Available data
════════════════════
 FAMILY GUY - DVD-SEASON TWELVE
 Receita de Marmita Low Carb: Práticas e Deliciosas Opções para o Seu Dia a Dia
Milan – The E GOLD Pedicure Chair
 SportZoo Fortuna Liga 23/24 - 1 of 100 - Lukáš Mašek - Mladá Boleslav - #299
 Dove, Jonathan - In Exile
════════════════════
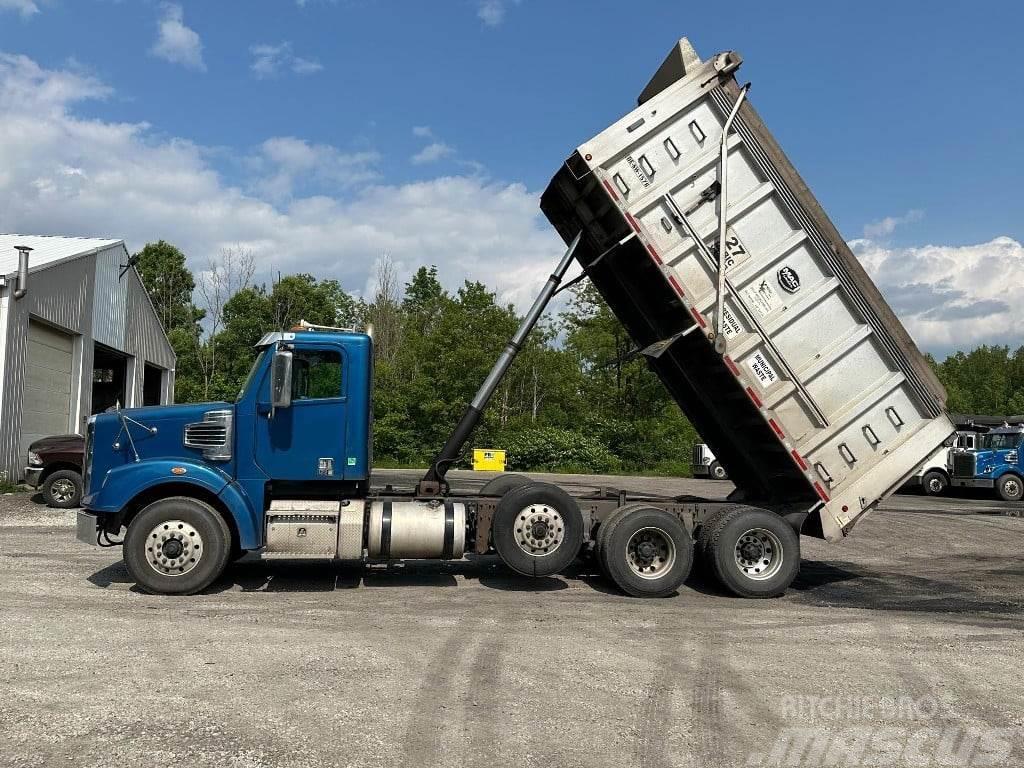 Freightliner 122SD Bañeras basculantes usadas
════════════════════
Assignment
From the material above, copy exactly the lines between the line holding "FAMILY GUY - DVD-SEASON TWELVE" and the line holding "Dove, Jonathan - In Exile", inclusive, and only those.

Response below
 FAMILY GUY - DVD-SEASON TWELVE
 Receita de Marmita Low Carb: Práticas e Deliciosas Opções para o Seu Dia a Dia
Milan – The E GOLD Pedicure Chair
 SportZoo Fortuna Liga 23/24 - 1 of 100 - Lukáš Mašek - Mladá Boleslav - #299
 Dove, Jonathan - In Exile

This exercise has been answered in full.